Page 80

Story: Hunt the Fae

My core dampens, permeated by heat and additional moisture. The fantasy unravels, so that I picture the satyr’s face, had he been awake. That contagious grin. That predatory gaze. I imagine what his features look like while clenched with lust, his head thrown back, his mouth split wide and hollering. I picture him gripping himself, stroking himself.

I picture him thinking about me.

Embarrassment and guilt transcend into the very opposite. My touch becomes greedy, yearning. My fingers move of their own volition, plying into the heated channel of my body. They find a rhythm, probing the drenched cleft and pushing disjointed moans from my lips.

With every shove of my fingers, fluttery, rigorous sensations accumulate. I withdraw, my digits slick, and etch the pulsating kernel at the nexus of my body. At the slightest brush, the crest sparks, the stimulation erotic, overwhelming. My limbs fall wider apart, my heels grinding into the blanket.

I tease myself, circling my wrist on that spot, the result so intense my thoughts levitate. By the time my hand burrows back into the passage, I’m splayed and melting freely. I touch, and touch, and touch.

I see him, hear him. His hands become my hands, delving into the private space and extinguishing all sense of right and wrong. The tempo turns me into a wet mess, my hand pitching, striking a place that causes my eyes to roll back.

It builds, chases, and catches. I go still, my back snapping off the ground and my walls combusting, bursting. The orgasm hits. A blinding, hot flood releases from that intimate slot and courses from my head to my toes.

His name teeters there, on the tip of my tongue. A gritty, uncivilized noise threatens to spring from my throat. Yet somehow, I have the presence of mind to climax silently.

And instead of draining me, the onslaught feels powerful. A new type of strength.

I recall every time he’s challenged me, all thosehave-you-everscompiling. Whether or not he’d known it, the satyr had been planting his words like seeds. To have an impact, he hadn’t needed to lay a finger on me.

All he’d needed to do was open his mouth.

19

I can’t lie. I had enjoyed what I’d done to myself, hadn’t imagined it could be like that. However, I try not to dwell on what had inspired it—whose words had probed me to the core.

Concentration both rescues and torments my mind.

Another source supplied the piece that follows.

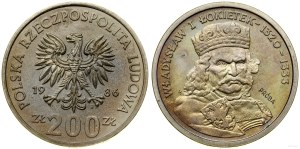 Poland, 200 zloty, 1986, Warsaw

I study through the following night and into the next morning, after the centaurs have retired. I should prioritize my rest, but the answer to this game might be in the scribe’s book, sequestered within the pages.

All of us win—or none of us win.

Perspiration beads behind my earlobes. I read the same line a dozen times before thrusting the tome shut.

My forehead plops onto the cover. I instruct myself to breathe, breathe, breathe.

Hooves clomp into the copse, slenderer than an equine’s. My head shoots up. Sylvan trots into the camp, the willow vines swaying around her, shamrocks encrusting her crown.

Perhaps she’d been expecting to find Puck?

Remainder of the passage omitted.